Collector cluster discovery mechanism
Streaming mode.
Swtichable storage implementors.

Modulization

SkyWalking collector is based on pure modulization design. End user can switch or assemble the collector features by their own requirements.

Module

Module defines a collection of features, which could include techenical implementors(such as: gRPC/Jetty server managements), trace analysis(such as: trace segment or zipkin span parser), or aggregation feature. Totally decided by the module definition and its implementors.

Each module could define their services in Java Interface, and every providers of the module must provide implementors for these services. And the provider should define the dependency modules based its own implementation. So it means, even two different implementors of the module, could depend different modules.

Also the collector modulization core checks the startup sequences, if cycle dependency or dependency not found occurs, collector should be terminated by core.

The collector startup all modules, which are decleared in application.yml. In this yaml file

Root level is the module name, such as cluster, naming
Secondary level is the implementor name of the module, such as zookeeper is the cluster module
Third level are attributes of the implementors. Such as hostPort and sessionTimeout are required attributes of zookepper.

The example part of the yaml definitation

cluster:
  zookeeper:
    hostPort: localhost:2181
    sessionTimeout: 100000
naming:
  jetty:
    #OS real network IP(binding required), for agent to find collector cluster
    host: localhost
    port: 10800
    contextPath: /

Multiple connection ways

First of all, the collector provides two types of connections, also two protocols(HTTP and gRPC). These two are

Naming service in HTTP, which returns the all available collectors in the backend cluster.
Uplink service in gRPC(primary in SkyWalking native agents) and HTTP, which uplinks traces and metrics to collector. Each client will only send monitoring data(traces and metrics) to a single collector. Attempt to connect other if the connected one offline.
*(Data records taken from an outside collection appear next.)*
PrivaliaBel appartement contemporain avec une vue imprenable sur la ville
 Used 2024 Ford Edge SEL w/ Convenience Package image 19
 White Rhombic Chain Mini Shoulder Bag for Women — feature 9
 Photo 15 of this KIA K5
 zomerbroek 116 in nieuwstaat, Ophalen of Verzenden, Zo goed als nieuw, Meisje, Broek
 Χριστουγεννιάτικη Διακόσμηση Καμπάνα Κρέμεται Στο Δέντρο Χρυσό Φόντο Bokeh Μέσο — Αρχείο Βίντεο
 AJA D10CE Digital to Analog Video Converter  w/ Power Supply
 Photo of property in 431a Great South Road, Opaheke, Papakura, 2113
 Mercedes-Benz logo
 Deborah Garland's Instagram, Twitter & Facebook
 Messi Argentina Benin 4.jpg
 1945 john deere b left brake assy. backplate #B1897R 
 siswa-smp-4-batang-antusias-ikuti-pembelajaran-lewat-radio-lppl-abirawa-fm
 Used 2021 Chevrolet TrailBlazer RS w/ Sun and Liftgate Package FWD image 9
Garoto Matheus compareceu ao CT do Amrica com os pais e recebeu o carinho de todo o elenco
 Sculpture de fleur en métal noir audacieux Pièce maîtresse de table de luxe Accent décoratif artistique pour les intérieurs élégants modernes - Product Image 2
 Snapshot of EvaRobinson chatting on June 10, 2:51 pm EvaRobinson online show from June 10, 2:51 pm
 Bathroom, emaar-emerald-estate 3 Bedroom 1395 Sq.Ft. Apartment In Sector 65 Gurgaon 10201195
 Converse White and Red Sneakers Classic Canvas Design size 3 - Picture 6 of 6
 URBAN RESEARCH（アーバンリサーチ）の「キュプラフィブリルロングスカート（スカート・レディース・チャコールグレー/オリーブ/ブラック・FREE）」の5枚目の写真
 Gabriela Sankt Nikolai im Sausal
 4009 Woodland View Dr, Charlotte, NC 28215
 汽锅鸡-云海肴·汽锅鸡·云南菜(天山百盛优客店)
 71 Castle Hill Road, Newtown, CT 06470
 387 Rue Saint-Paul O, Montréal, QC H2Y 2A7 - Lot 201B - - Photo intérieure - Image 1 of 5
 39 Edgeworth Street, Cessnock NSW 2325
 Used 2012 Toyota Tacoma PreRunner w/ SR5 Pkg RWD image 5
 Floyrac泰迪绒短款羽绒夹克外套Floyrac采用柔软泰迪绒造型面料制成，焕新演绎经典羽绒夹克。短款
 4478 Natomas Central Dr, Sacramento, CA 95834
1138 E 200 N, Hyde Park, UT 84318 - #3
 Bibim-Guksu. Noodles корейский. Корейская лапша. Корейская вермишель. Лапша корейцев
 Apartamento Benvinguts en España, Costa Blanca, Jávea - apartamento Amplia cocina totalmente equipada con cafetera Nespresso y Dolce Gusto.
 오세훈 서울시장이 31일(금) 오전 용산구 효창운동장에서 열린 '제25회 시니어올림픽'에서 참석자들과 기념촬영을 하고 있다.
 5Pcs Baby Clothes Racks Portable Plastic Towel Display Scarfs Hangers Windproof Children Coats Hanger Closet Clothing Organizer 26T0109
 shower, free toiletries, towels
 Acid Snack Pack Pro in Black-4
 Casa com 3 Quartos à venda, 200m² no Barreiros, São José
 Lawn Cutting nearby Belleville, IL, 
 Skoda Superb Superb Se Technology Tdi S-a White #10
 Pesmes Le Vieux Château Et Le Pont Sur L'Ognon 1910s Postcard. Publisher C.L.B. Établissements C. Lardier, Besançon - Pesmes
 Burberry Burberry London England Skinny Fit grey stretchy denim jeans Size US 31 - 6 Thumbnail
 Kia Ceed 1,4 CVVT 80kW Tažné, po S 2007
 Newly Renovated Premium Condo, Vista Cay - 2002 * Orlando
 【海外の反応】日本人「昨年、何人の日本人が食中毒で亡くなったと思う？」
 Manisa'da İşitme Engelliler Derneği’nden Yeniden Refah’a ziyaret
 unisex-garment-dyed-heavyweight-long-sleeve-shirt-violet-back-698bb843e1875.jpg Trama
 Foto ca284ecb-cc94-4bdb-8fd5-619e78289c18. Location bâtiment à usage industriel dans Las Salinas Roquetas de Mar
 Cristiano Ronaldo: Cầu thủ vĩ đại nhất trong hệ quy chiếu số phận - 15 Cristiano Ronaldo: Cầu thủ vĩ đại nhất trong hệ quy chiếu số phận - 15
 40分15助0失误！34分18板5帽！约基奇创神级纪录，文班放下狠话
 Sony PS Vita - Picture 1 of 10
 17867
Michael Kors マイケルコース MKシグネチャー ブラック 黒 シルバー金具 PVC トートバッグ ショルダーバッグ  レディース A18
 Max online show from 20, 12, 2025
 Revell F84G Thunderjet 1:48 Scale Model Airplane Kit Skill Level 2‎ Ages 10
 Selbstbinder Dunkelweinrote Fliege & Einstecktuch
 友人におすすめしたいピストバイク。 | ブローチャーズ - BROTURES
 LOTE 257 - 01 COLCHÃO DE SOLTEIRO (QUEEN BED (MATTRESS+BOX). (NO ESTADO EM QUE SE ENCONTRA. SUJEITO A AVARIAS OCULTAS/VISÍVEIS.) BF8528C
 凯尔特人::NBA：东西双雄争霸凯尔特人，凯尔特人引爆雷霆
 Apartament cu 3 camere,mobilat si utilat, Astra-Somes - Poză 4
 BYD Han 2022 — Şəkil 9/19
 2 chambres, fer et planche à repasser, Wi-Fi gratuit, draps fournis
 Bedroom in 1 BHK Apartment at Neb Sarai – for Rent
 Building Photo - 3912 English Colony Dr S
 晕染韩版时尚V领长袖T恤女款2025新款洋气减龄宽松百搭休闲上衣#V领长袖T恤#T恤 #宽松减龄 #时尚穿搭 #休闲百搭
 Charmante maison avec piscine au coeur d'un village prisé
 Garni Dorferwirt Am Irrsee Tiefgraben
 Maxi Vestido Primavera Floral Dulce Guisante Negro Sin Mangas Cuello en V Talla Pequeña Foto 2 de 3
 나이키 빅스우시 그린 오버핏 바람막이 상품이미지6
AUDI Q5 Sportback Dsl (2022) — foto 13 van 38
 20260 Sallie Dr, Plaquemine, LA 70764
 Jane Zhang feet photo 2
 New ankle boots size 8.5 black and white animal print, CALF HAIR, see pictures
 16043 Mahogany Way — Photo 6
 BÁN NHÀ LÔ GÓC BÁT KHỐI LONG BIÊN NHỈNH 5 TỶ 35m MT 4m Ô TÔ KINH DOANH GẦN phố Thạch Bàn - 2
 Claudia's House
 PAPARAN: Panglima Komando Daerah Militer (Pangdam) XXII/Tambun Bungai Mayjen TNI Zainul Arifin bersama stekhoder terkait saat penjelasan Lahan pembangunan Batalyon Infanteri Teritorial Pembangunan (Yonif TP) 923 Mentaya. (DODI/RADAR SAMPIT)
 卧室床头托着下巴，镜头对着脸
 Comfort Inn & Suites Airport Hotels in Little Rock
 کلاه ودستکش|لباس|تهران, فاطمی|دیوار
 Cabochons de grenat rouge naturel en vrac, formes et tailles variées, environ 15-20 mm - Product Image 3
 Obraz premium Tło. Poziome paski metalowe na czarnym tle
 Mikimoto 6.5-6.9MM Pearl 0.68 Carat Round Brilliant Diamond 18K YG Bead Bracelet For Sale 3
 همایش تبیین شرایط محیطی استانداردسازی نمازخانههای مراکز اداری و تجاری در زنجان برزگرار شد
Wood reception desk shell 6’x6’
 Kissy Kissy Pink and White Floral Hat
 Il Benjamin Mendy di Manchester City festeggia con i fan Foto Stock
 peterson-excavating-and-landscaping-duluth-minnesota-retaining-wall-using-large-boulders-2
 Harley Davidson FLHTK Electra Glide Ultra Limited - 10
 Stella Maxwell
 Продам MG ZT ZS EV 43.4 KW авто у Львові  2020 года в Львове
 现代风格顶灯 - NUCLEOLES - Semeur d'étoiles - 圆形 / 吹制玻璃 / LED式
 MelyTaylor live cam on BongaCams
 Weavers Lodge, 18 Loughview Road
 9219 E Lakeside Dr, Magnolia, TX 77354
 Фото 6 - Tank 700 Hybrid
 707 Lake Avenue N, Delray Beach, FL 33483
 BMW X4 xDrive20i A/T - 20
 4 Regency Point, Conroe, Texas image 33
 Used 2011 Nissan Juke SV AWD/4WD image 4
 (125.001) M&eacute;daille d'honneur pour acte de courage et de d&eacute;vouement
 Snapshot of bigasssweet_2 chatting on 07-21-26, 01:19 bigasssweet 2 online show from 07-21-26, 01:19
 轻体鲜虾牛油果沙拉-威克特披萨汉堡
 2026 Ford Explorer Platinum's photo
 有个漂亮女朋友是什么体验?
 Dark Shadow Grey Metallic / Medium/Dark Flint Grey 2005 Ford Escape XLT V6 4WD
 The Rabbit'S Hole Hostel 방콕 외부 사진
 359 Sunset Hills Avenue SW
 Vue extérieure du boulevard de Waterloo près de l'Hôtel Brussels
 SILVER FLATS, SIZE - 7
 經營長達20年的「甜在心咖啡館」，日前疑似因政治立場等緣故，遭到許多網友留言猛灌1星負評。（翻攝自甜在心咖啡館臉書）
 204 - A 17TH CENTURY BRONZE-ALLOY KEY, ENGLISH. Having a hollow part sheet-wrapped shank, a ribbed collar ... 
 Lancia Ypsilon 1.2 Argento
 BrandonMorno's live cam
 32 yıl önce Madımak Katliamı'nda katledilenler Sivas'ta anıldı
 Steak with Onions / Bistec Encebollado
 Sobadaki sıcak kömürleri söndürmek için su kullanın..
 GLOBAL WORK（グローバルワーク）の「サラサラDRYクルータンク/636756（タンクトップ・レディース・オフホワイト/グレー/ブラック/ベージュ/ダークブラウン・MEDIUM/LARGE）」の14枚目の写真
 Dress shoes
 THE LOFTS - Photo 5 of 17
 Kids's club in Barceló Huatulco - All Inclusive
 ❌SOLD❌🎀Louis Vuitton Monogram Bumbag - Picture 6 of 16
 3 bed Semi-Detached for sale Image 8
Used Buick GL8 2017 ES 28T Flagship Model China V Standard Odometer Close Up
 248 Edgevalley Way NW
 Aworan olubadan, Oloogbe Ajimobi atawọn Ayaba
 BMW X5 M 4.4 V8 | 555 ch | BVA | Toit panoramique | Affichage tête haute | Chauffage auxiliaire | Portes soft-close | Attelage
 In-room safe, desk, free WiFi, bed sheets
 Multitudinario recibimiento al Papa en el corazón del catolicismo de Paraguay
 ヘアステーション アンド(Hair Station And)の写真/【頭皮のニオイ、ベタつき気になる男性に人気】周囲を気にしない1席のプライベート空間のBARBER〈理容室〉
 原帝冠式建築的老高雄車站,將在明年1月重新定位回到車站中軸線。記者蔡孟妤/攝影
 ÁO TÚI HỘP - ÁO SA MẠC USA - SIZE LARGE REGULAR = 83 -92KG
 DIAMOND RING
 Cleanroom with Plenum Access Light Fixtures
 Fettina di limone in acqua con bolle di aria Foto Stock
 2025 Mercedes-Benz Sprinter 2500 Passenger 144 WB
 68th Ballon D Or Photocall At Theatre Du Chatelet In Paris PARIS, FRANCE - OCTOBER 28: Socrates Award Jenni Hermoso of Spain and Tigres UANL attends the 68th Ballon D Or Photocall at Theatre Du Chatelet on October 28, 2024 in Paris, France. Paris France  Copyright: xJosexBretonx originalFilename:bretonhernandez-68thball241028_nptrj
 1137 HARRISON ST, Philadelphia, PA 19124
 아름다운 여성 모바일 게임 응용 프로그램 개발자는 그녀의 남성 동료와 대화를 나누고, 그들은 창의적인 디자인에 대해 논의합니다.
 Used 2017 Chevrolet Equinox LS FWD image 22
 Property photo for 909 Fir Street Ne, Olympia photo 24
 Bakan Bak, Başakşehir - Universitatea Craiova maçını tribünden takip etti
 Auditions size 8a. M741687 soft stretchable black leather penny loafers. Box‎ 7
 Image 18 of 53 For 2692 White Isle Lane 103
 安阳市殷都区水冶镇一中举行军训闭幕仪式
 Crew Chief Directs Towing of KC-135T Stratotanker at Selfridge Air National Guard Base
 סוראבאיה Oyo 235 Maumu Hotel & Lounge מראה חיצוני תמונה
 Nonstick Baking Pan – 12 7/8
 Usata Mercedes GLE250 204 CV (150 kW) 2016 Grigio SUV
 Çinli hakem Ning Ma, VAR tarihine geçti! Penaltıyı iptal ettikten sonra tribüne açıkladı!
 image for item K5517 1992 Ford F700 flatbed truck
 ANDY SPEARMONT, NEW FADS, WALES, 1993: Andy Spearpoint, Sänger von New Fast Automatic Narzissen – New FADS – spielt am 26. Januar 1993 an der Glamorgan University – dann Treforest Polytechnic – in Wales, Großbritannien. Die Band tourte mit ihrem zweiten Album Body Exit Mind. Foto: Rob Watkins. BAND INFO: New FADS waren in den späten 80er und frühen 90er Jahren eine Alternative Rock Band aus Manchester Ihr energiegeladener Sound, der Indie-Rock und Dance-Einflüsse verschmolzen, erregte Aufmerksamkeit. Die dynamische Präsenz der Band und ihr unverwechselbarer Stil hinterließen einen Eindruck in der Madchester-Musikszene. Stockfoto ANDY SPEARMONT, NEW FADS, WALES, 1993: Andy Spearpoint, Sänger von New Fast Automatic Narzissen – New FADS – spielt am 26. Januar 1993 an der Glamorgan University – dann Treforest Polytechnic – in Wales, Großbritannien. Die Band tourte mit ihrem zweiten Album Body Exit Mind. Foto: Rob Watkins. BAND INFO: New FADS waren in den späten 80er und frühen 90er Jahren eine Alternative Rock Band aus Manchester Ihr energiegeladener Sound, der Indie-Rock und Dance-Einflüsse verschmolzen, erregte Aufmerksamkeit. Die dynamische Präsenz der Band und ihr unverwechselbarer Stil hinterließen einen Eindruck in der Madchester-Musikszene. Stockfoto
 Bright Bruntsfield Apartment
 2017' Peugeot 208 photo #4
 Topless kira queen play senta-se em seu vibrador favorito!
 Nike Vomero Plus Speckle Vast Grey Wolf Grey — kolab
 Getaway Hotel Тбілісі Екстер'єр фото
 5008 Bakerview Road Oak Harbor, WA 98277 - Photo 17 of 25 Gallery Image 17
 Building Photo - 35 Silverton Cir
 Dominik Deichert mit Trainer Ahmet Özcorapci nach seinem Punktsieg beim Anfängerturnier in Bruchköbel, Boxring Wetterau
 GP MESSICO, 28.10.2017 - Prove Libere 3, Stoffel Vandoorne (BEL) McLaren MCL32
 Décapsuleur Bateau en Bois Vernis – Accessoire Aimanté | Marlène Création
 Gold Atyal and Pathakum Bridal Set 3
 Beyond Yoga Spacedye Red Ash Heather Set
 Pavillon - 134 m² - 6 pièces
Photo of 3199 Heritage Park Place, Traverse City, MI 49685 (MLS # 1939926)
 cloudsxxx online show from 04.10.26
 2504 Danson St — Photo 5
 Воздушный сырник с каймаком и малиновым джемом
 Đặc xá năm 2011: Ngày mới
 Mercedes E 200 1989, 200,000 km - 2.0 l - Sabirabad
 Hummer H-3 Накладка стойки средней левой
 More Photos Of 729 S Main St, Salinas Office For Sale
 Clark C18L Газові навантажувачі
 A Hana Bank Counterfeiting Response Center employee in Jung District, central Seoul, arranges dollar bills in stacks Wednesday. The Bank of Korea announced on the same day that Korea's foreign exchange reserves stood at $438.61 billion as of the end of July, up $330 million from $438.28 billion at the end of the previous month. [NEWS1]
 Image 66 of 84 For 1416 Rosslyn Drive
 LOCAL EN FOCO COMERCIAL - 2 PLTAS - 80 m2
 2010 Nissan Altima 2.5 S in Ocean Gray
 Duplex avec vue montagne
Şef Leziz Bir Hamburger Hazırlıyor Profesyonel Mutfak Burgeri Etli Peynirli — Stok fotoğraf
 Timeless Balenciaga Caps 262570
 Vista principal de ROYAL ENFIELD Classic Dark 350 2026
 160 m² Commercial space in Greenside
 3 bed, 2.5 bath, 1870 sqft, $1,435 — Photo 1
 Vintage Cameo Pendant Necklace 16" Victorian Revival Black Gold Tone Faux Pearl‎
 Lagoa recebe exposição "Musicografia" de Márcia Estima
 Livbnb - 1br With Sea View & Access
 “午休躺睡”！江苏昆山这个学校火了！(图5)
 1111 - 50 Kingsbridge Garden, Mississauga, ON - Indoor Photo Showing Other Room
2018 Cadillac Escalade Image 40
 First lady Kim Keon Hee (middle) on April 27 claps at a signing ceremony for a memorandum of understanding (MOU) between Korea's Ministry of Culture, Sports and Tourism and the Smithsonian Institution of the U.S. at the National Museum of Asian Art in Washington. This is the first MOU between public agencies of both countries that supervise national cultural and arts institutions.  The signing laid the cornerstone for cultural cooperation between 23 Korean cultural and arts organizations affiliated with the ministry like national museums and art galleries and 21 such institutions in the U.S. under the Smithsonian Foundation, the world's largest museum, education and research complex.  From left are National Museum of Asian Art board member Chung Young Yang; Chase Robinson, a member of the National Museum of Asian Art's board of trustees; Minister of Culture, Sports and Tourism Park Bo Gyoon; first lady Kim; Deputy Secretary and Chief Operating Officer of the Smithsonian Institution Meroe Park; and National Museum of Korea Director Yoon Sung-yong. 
Such as in SkyWalking Java agent

collector.servers means the naming service, which maps to naming/jetty/ip:port of collector, in HTTP.
collector.direct_servers means setting Uplink service directly, and using gRPC to send monitoring data.

Example of the process flow between client lib and collector cluster

         Client lib                         Collector1             Collector2              Collector3
 (Set collector.servers=Collector2)              (Collector 1,2,3 constitute the cluster)
             |
             +-----------> naming service ---------------------------->|
                                                                       |
             |<------- receive gRPC IP:Port(s) of Collector 1,2,3---<--|
             |
             |Select a random gRPC service
             |For example collector 3
             |
             |------------------------->Uplink gRPC service----------------------------------->|

Collector Cluster Discovery

When collectors are running in cluster mode, collector must discovery each other in some way. In default, SkyWalking uses Zookeeper to coordinate and as register center for instance discovery.

Through the above section(Multiple connection ways), client lib will not use the Zookeeper to find cluster. And we suggest the client shouldn't do it in that way. Because the cluster discovery mechanism is switchable, provided by modulization core. Relying on that breaks the switchable capability.

We hope the community provides more implementor to do cluster discovery, such as Eureka, Consul, Kubernate.

Streaming Mode

Streaming mode likes a lightweight storm/spark implementation, which allows using APIs to build streaming process graph(DAG), and the input/output data contracts of each node.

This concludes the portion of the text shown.